From: Rick Burts (burts@xxxxxxxxxxxxxx)
Date: Wed Oct 24 2001 - 10:27:27 GMT-3
Brian
Thanks for verifying the correct behavior of redistribution. There have
been inconsistencies in implementation and it is good to know that the
intended correct behavior is to redistribute any route in the routing
table learned by the protocol and also to redistribute any local network
or subnet covered by a network statement of the protocol.
While we now know the expected correct behavior, I would suggest to
candidates preparing for the lab that we need to remain aware of this
issue and alert to the behavior of the particular verios of IOS that we
get in the lab.
Rick
Rick Burts, CCSI CCIE 4615 burts@mentortech.com
Mentor Technologies 240-568-6500 ext 6652
133 National Business Parkway 240-568-6515 fax
Annapolis Junction, Md 20701
Chesapeake Network Solutions has now become Mentor Technologies.

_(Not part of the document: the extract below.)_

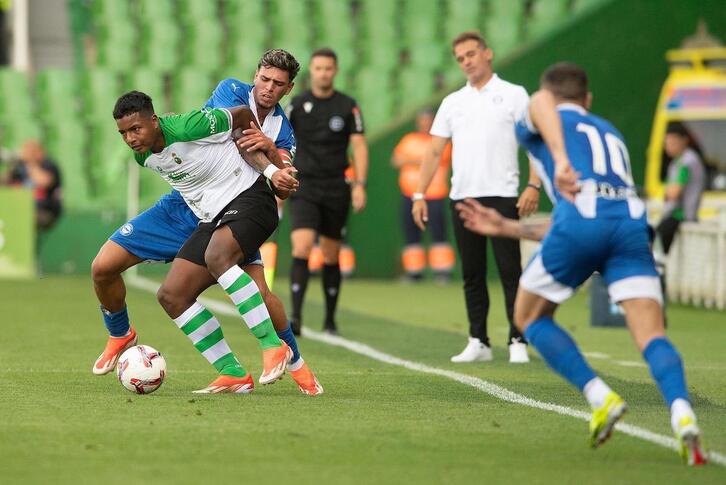 El Alavés ha dispytado en Santander su primer partido de pretemporada.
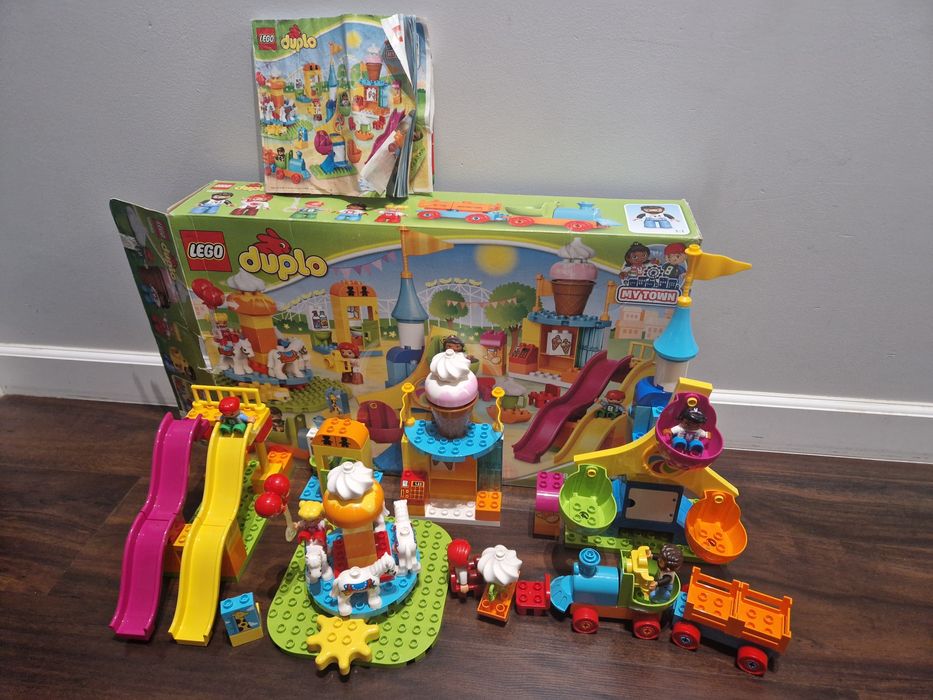 Wesołe miasteczko Lego Duplo 10840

Mentor Technologies is a certified Cisco Training Partner and also
a Cisco Professional Services partner.
We offer most of the Cisco training courses.
We also offer training in Checkpoint Firewall software and
Fore Systems (now Marconi) and MicroMuse.
We also provide network consulting services including
design, management, and problem solving.
We have 21 CCIEs on our staff.
We offer the breakthrough VLAB remote access technology for
access to practice configuration on real equipment.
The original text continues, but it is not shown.